Though the process is in the early stages, a group within the Delaware State Bar Association's Corporation Law Section has released a proposed piece of legislation that would establish a legal basis for using the technology for this purpose. Specifically, it would amend the state's General Corporation Law to account for blockchain use.

The move comes less than a year after Delaware's government, led by the now-former Delaware Governor Jack Markell, unveiled a new project focused on blockchain applications for corporate record-keeping.

The Delaware Blockchain Initiative is backed in part by smart contract startup Symbiont, and those involved have eyed 2017 as the year in which Delaware-based firms may begin to use the tech to retain corporate records.

The proposed bill states:

"Amendments to Sections 219, 224 and 232 and related provisions are intended to provide specific statutory authority for Delaware corporations to use networks of electronic databases (examples of which are described currently as 'distributed ledgers' or a 'blockchain') for the creation and maintenance of corporate records, including the corporation’s stock ledger."

The proposed legislation isn’t a done deal, however.

According to law firm Richards, Layton and Finger, which published details of the proposal, the bill is subject to further approval by the Corporation Law Section.

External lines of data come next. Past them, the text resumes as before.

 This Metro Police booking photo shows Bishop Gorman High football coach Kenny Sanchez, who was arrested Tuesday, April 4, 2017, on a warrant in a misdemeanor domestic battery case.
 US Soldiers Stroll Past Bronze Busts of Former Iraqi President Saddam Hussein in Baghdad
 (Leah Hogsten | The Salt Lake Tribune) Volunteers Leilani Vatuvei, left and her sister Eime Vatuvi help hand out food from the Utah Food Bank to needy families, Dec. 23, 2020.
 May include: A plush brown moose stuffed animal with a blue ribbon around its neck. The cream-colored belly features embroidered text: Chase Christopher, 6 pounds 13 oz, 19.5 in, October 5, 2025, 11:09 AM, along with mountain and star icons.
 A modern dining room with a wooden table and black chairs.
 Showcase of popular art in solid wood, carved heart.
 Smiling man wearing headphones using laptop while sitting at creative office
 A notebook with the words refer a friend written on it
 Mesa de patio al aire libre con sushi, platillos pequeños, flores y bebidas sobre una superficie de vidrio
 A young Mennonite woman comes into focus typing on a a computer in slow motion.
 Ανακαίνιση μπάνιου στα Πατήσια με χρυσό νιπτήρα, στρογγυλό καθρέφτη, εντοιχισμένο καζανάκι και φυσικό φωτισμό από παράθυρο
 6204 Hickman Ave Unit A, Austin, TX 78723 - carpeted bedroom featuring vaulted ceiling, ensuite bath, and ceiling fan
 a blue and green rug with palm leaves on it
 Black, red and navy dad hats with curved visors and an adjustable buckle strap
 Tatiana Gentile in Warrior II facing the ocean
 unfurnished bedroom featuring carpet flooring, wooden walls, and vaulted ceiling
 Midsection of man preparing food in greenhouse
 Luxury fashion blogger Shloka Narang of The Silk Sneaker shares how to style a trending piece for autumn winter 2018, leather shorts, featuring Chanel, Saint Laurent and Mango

Then, it would need to be formally introduced in the Delaware General Assembly (the state's legislature), where it could potentially undergo further changes. But if passed in largely existing form, the new rules would come into affect in August of this year.

That the state would move to experiment with the tech in the area of corporate record-keeping is perhaps unsurprising.

Delaware is a popular site for companies to base their headquarters, accounting for more than half of all Fortune 500 companies according to the state's Economic Development Office.

Image via Shutterstock

This article has been updated.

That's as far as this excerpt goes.